Given information: Begin

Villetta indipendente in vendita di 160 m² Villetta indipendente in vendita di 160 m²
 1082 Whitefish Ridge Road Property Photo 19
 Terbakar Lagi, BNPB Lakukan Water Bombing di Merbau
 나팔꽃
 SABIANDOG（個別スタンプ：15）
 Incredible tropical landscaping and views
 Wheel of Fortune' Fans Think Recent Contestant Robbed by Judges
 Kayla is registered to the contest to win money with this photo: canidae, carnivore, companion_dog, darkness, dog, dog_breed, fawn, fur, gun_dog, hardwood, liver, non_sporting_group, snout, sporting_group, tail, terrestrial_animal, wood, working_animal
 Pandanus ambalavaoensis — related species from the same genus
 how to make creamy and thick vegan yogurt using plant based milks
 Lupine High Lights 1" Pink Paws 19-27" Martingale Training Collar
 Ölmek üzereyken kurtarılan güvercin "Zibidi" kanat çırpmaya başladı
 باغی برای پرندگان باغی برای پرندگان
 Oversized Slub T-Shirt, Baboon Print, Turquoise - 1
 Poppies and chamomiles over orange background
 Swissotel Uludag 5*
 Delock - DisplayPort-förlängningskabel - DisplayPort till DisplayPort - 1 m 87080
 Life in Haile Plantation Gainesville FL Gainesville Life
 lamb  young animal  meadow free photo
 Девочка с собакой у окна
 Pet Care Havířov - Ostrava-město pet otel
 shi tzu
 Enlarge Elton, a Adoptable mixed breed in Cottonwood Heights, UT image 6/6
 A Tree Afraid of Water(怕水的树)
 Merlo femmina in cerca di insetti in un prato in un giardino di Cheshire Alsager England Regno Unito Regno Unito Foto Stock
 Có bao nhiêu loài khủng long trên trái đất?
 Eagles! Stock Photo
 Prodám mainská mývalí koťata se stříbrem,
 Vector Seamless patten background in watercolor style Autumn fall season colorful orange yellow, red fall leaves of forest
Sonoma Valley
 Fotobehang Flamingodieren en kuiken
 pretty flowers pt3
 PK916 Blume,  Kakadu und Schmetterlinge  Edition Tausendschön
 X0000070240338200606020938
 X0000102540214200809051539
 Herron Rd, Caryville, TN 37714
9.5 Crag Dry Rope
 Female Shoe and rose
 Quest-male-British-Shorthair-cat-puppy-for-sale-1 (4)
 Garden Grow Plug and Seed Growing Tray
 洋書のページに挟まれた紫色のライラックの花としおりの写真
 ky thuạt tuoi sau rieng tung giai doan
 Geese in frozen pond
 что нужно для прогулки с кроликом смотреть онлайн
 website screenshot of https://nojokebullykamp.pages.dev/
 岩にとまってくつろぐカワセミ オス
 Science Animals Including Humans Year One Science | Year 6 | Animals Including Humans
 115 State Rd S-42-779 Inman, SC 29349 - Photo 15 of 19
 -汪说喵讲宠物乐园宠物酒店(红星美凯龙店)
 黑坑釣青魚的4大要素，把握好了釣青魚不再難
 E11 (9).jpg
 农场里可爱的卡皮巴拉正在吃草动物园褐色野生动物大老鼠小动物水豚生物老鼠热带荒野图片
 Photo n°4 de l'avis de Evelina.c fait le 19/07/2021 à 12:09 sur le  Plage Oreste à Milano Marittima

Given information: End

Your instructions:
Take the lines above from the one containing "Quest-male-British-Shorthair-cat-puppy-for-sale-1 (4)" to the one containing "-汪说喵讲宠物乐园宠物酒店(红星美凯龙店)" and retype them exactly, both ends included, with nothing added.

Exercise answer:
 Quest-male-British-Shorthair-cat-puppy-for-sale-1 (4)
 Garden Grow Plug and Seed Growing Tray
 洋書のページに挟まれた紫色のライラックの花としおりの写真
 ky thuạt tuoi sau rieng tung giai doan
 Geese in frozen pond
 что нужно для прогулки с кроликом смотреть онлайн
 website screenshot of https://nojokebullykamp.pages.dev/
 岩にとまってくつろぐカワセミ オス
 Science Animals Including Humans Year One Science | Year 6 | Animals Including Humans
 115 State Rd S-42-779 Inman, SC 29349 - Photo 15 of 19
 -汪说喵讲宠物乐园宠物酒店(红星美凯龙店)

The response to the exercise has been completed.